So now coming back to this picture here, you see what I meant when I said that hardness of a problem can be measured as both a function of the size of the imput and the structure of the imput, so in the case of the vertex covered, it turns out that what makes solving vertex cover hard is actually the size of the vertex cover itself. So if there's a small vertex cover, then the problem is easy and if it's large, then the problem becomes hard. Now of course, this immediately raises a question for the book of the laws of NP-completeness and that question is, is every problem fixed-parameter tractable? That depends, it depends on what you consider as a parameter, and one parameter I will soon introduce to you as well is a parameter called distance from triviality, but unfortunately in general, not every NP-complete problem seems to be fixed-parameter tractable. So for vertex cover, we have just shown that if you use the size of the solution as a parameter, then yes, this problem is fix-parameter tractable using K, and by K I mean the size of the solution of course. Now what about clique and independent set? And again, we can consider these 2 problems together because they're so similar. And here unfortunately, I have a bit of bad news for you because using K, by which I mean the size of the solution, that's highly unlikely to be fixed-parameter tractable. So by highly unlikely, what I mean is it would not be something as similar as P=NP or something like that, but still there is evidence in a way that is similar to P versus NP that clique and independent set are not fixed-parameter tractable at least if you consider the parameter to be the size of an optimal solution. Now what about shortest tour? Well, one possible parameter here would be using D, the size of a shortest tour, and here again, it seems somewhat unlikely that the problem is fixed-parameter tractable, but for shortest tour, another parameter has been investigated that actually seems rather promising, and that parameter is called using distance from triviality, and there it turns out shortest tour actually could be fixed-parameter tractable. Now what is distance from triviality?

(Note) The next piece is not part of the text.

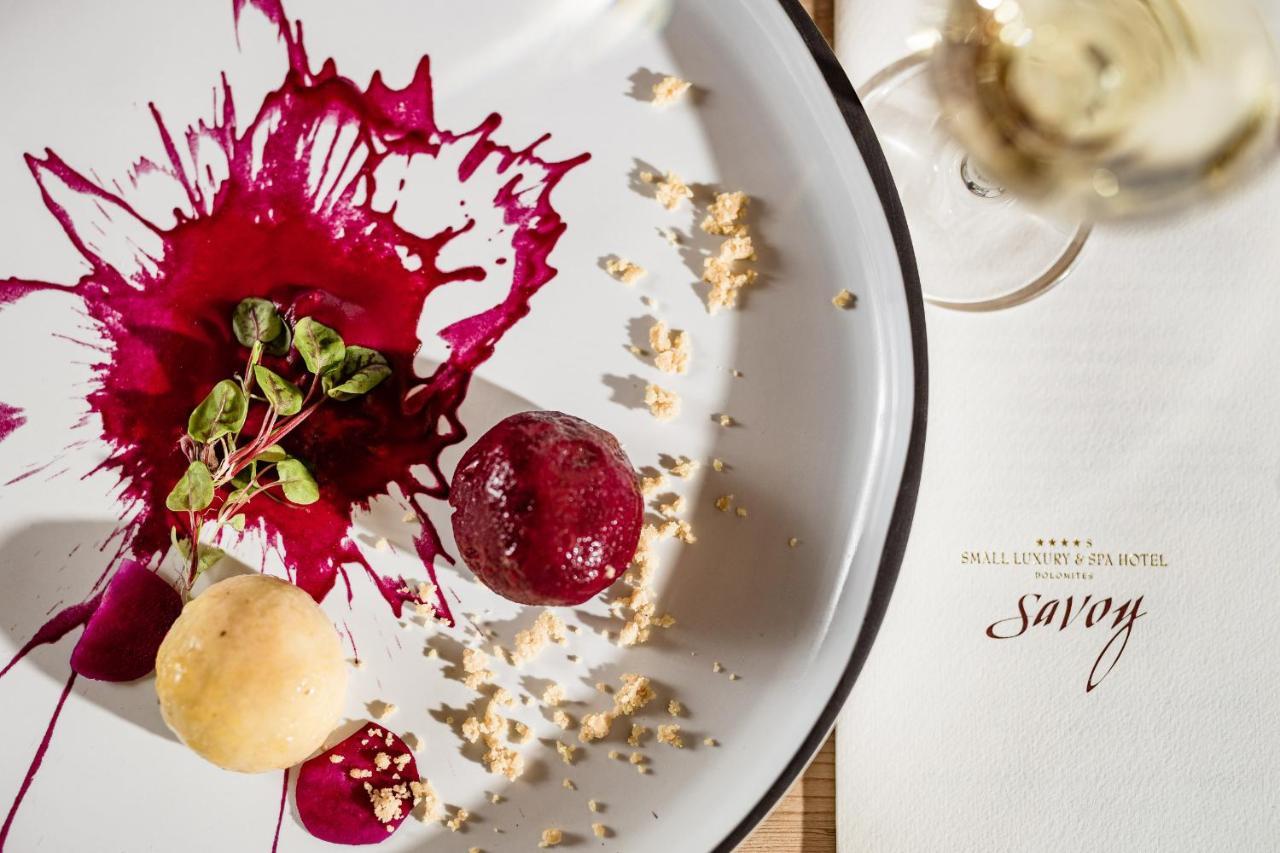 Savoy Dolomites Luxury & Spa Hotel Selva di Val Gardena Esterno foto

Of course, we'll do a little quiz to have you figure that out. What I would like you think about is the following: I'm going to give you 3 graphs, and I'm going to ask you for which of these graphs is shortest toward the hardest and the easiest to solve. So here you have 3 graphs, and each of these graphs has the same number of vertices in case you're wondering, or at least I hope it does, I counted twice, but you never know. And what I want I would like you to tell me now is for which of these graphs you think shortest tour is the hardest to solve and for which of these graphs you think is the easiest to solve and I've not written any distances on the edges, but you can basically assume that I would be able to write any distances that I want on these edges. It's more of a question about the structure of these graphs, and for the one that you think is hardest, I want you to enter the number 3 in one of these boxes, and for the one that you think is easiest, I want you to enter the number 1, and guess what number I want you to enter for the one that is in between. So please, go ahead.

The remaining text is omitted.